The countries were assessed along the PCP Stages considering the data provided in their PCP-FMD questionnaires and their presentations. The outcome of the analyses was presented by PCP experts from FAO, OIE and EuFMD to the Regional Advisory Group (RAG) of West Africa for final recommendation on countries’ PCP stages. The RAG consists of three Chief Veterinary Officers (Nigeria, Niger and Benin) and leads of the regional epidemiology (Senegal) and laboratory (Ghana) networks elected by the participating countries.

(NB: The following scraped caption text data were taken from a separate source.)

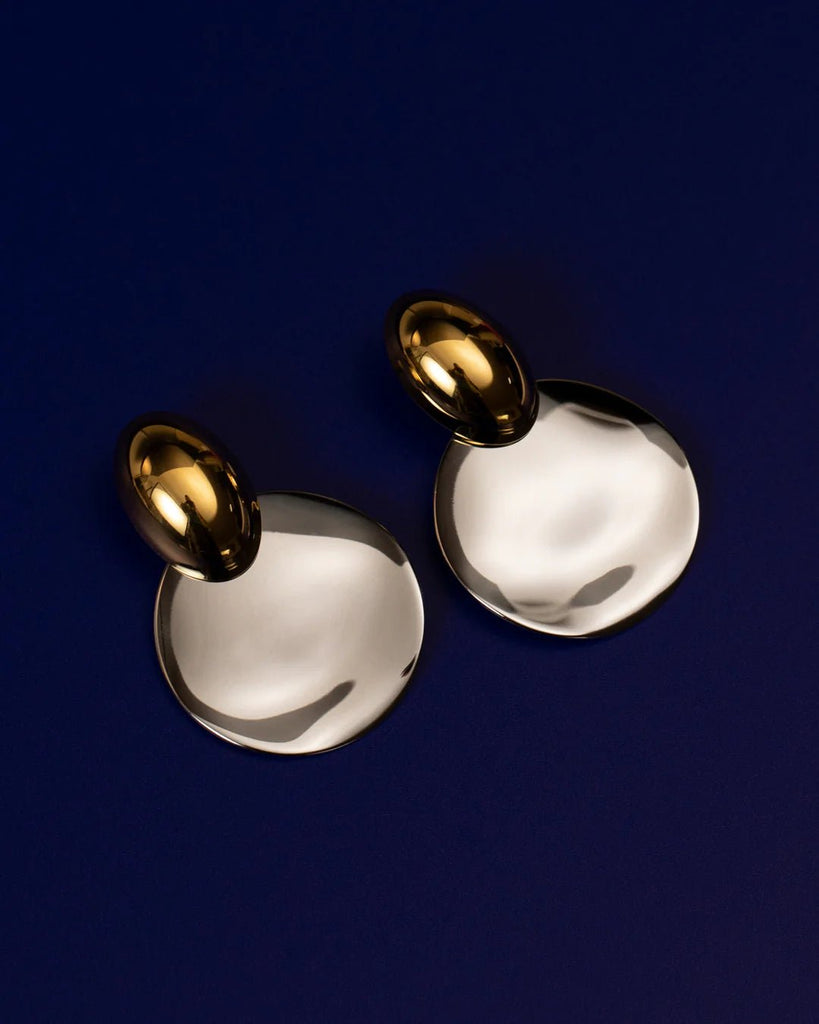 MENORCA EARRINGS - THEPINK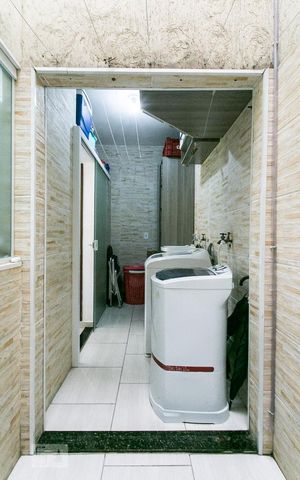 Casa de condomínio para alugar com 110m², 3 quartos e 2 vagasÁrea de Serviço
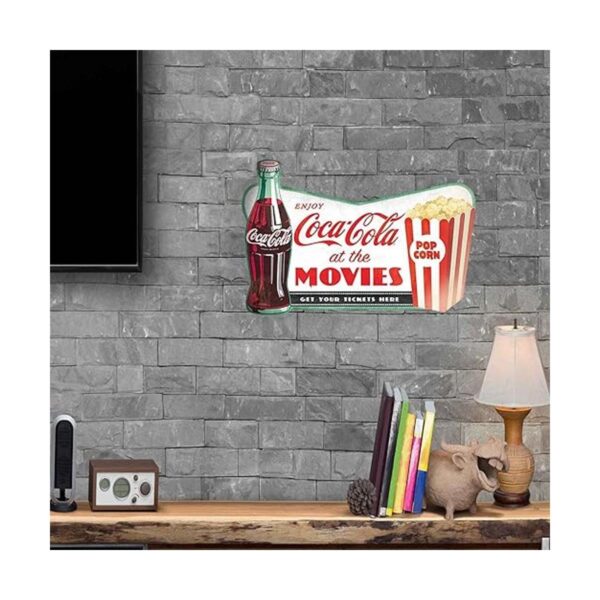 Open Road Brands Cartel de película CocaCola decoración_5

The RAG recommended the following PCP stages (0-5) for West Africa:

  • Stage 1: Senegal, Nigeria, Gambia and Mali
  • Provisional Stage 1*: Benin, Cote d’Ivoire, Burkina Faso, Guinea, Guinea Bissau, Niger and Togo
  • Stage 0: Cape Verde, Ghana, Liberia and Sierra Leone

Countries endorsed 17 regional priorities including the followings:

  1. Raise awareness on disease recognition and timely reporting and support training of the community animal health workers among pastoralist communities;
  2. Establish or reinforce active surveillance to gain an improved understanding of the FMD virus lineages that circulate in West Africa as well as to develop tailored tools to enable early detection of new serotype incursions into the region;
  3. Enhance accurate and timely diagnosis of FMD through national and/or regional/international reference laboratories and rapid results and information sharing back to the appropriate stakeholders including farmers and Veterinary Services;
  4. The regional laboratory and epidemiology networks  to formulate a 3- to 5-year work plan that should include coordination and capacity building activities;
  5. Improve cross border and regional coordination and harmonization on surveillance, control and share of information;
  6. Countries to consider combining the control of FMD with livestock diseases such as PPR and CBPP which are considered as high-priority diseases in the region (component 3 of the Global Strategy for the control of FMD);
  7. FAO, OIE and EuFMD to provide capacity building activities to the national Points of Contact and other relevant stakeholders through online courses and webinar series; and
  8. AU-IBAR and ECOWAS to approach donors to contribute to the funding of national Assessment Plan and Risk-Based Strategic Plan.